● What to work on
Could you set down exactly the lines in the records below between the line holding "Sweter damski V12" and the line holding "Lamborghini Huracan fahren", inclusive?

● Records shown

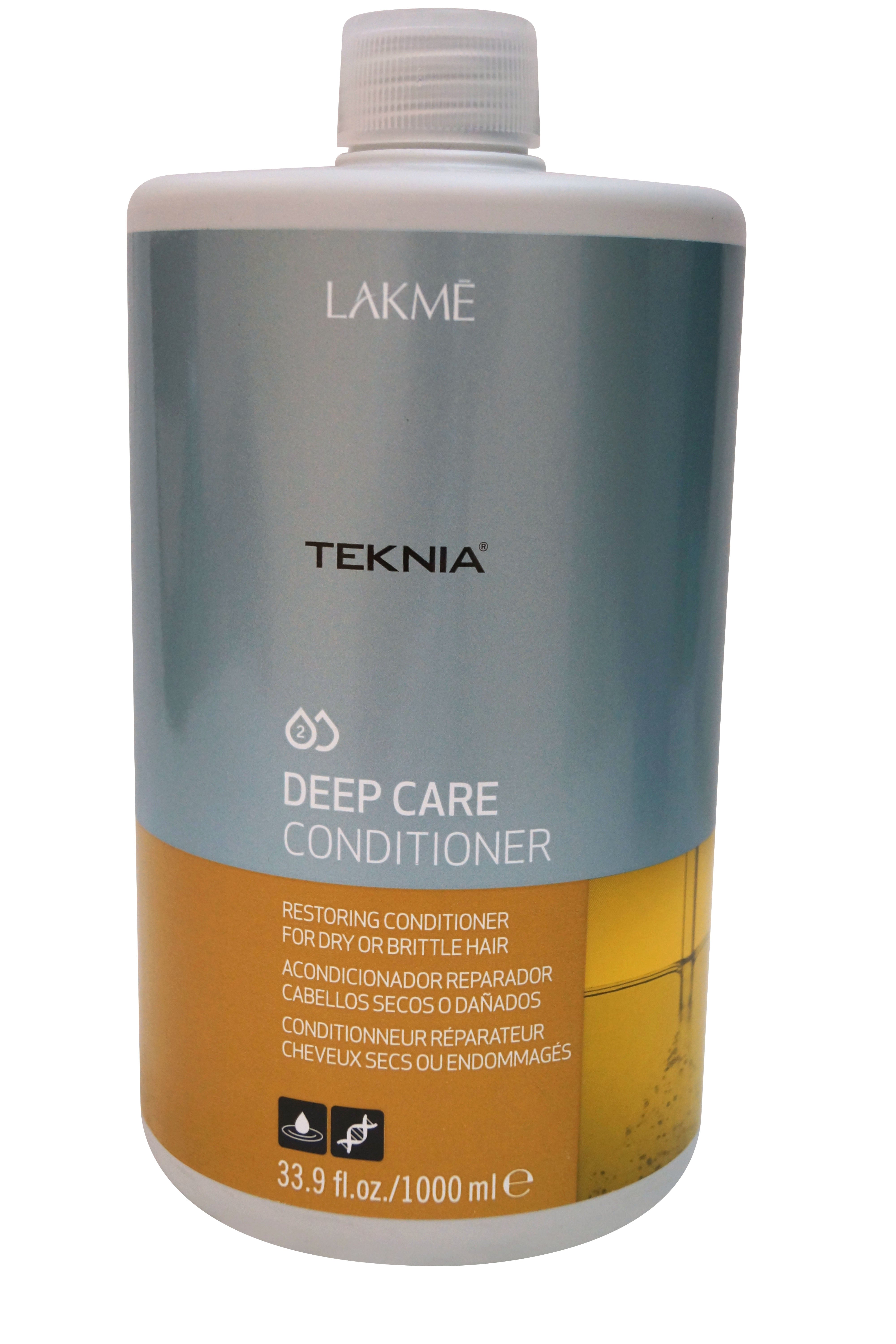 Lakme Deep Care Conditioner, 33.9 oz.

--

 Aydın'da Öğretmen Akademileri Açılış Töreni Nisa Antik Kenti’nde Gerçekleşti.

---

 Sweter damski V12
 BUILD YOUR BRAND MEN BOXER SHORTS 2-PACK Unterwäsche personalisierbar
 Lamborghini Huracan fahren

● Result of this task
 Sweter damski V12
 BUILD YOUR BRAND MEN BOXER SHORTS 2-PACK Unterwäsche personalisierbar
 Lamborghini Huracan fahren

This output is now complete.